John Myers of KQED is absolutely right: Thursday’s developments mean Jerry Brown owns high-speed rail. He kept the plug from being pulled, he put his own guy in charge, he got the people who were the symbols of the CHSRA follies to move along. But what’s so ridiculous about all of this is that Brown’s confidence he can take on this terrible mess and come up with a better outcome is precisely parallel to his confidence he could take on the state’s terrible budget mess and come up with a better outcome. How’d that work out? Yo, Jerry, the bullet train isn’t a boondoggle because of the people in charge. It’s a boondoggle because it was built on lies. Your taking ownership changes nothing.
As I and many others have written before, the rail project has been trashed by independent experts for years for deceitful estimates of ridership, project cost, ticket cost, job creation and pollution reduction, and for the inability of its staff to craft a legal business plan that avoids future taxpayer subsidies. The bullet train is also slated to have its first segment built in a lightly populated area despite the state legal requirement that the second segment can only be built after the first segment breaks even or is making money. It also faces deep skepticism from private investors and from the folks on Wall Street who would be asked to buy billions in state bonds to help pay for the project.

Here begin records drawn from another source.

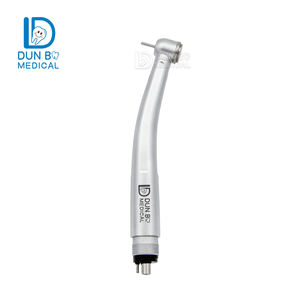 Strumenti dentali per dentisti <span class=keywords><strong>Sirona</strong></span> <span class=keywords><strong>T3</strong></span> cuscinetti in ceramica pulsante dentale ad alta velocità manipoli odontoiatrici all'ingrosso - Product Image 2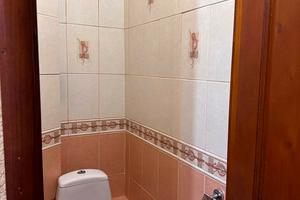 квартира по адресу 24-го Августа ул., 11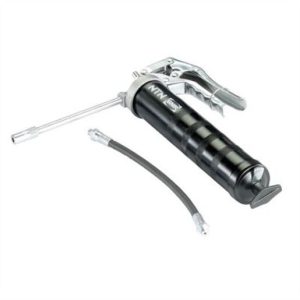 SNR-NTN 500 Γρασαδόρος Χειρός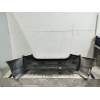 Recambio de paragolpes trasero para chevrolet cruze (j300) 2.0 cdi referencia OEM IAM   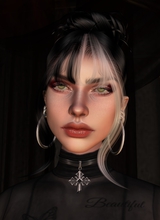 Ivynni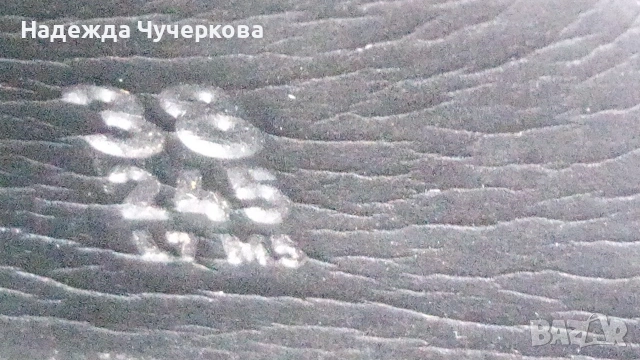 Birkenstock 38 номер, ортопедични, меки, EVA пяна, унисекс, снимка 3 - Маратонки - 54979536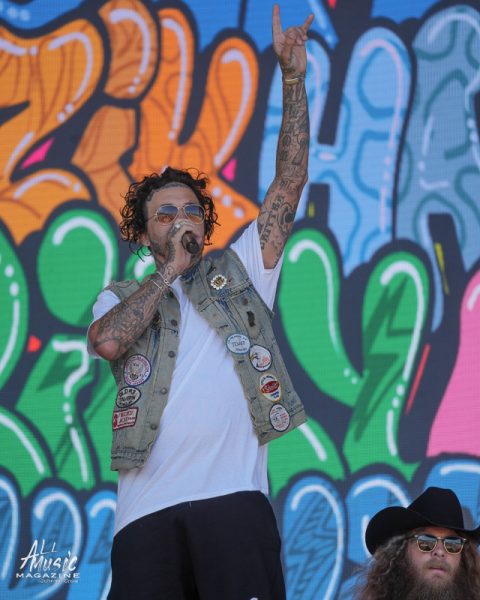 TMF25_Yelawolf_4-6-25-14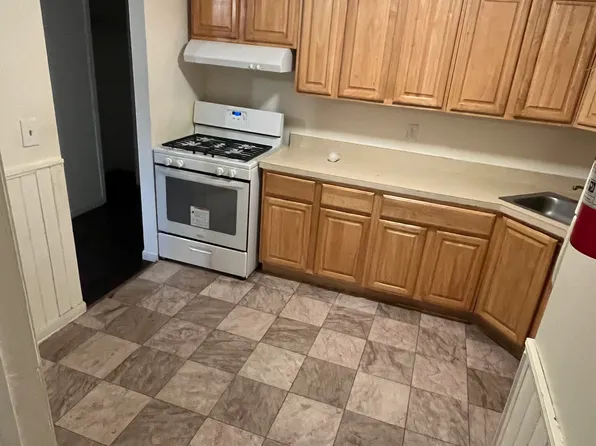 (undisclosed Address), Edison, NJ 08817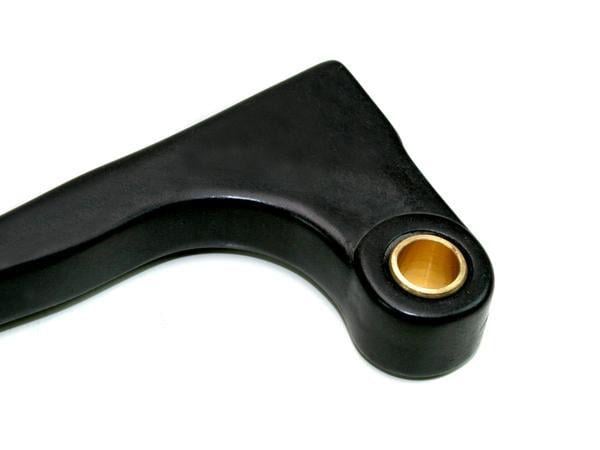 Motion Pro Clutch Lever Blade Black Motion Pro 14-0214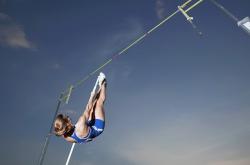 开云体育官方网站-拉梅洛·鲍尔闪耀全场，广厦队对阵步行者悬念早失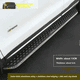 thumbnail image 4 of Pedales Changan European Shang X7/x5plus Pedales Z6 originales Piezas modificadas laterales Changan European Shang X7plus, 4 of 4
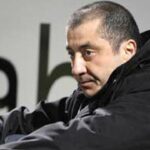 Mourad Boudjellal dénonce un traitement à deux vitesses en France, notamment autour de la Palestine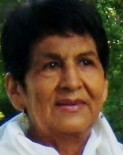 Juana Guevara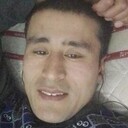 ���������� ������, ���� ����� ��������, 25 ���, ������������ ��� ������, ����� � ���������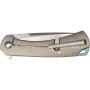Ніж Skif Frontier Limited Edition Titanium Gray (EA1 GY)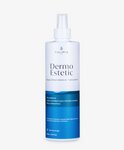 EMOLIENTE COM TRIETA TULIPIA DERMO ESTETIC PROFESSIONAL - Ultra-Emollient Triethanolamine Solution
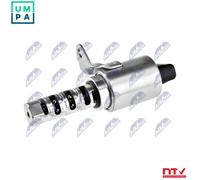 NTY EFR-MZ-000 Camshaft adjustment valve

Those are just some of the many problems the media acknowledges. As I alone detailed last month, there’s also this: In providing California $3 billion-plus in federal funding for the project, the Obama administration is breaking clearly written rules on how stimulus dollars are supposed to be spent.
These rules, published in the Federal Register on June 23, 2009, say that state applications must stand up after being subjected to a “rigorous analysis.” The key factors of this analysis involved the “financial plan (capital and operating),” the “reasonableness of financial estimates” and the “availability of operating financial support” and “quality of planning process” for proposed projects.
If that “rigorous analysis” really happened, how did California’s project get a dime from D.C., much less $3 billion? Problems on all these fronts are precisely why independent evaluations are so harshly critical.
How can Jerry Brown look at all this and think his managerial genius will make things get better? Talk about hubris. Talk about vanity. Talk about a lunkhead.
Historians like to champion the “great man” theory of history — revolutionaries who transform the course of human events with their brilliance and charisma. Jerry evidently puts himself in this category.
For me, when I look at the bullet train mega-debacle, other nostrums come to mind. The British social critic John Ruskin put it well: “In general, pride is at the bottom of all great mistakes.”
Then there’s the aphorism based on a longer passage in the Bible: “Pride goeth before a fall.”
Timber! Jerry Brown’s going down!
What are the odds that the California High Speed Rail Authority, the state of California and the federal government will come up with a bullet train that isn’t a boondoggle the size of the Pacific Ocean?
They are Carl Sagan-esque: Billions and billions to one. A bullet train has never broken even before. So if you put one in the Central Valley, it will?
Feel free to laugh or cry or both. “Jerry Brown’s Bullet Train” is rated UI for Utter Insanity. Not only should you not let your children go see it, you should encourage them to consider moving to another state.
California’s future is grim with this bunch in charge. And that’s putting it charitably.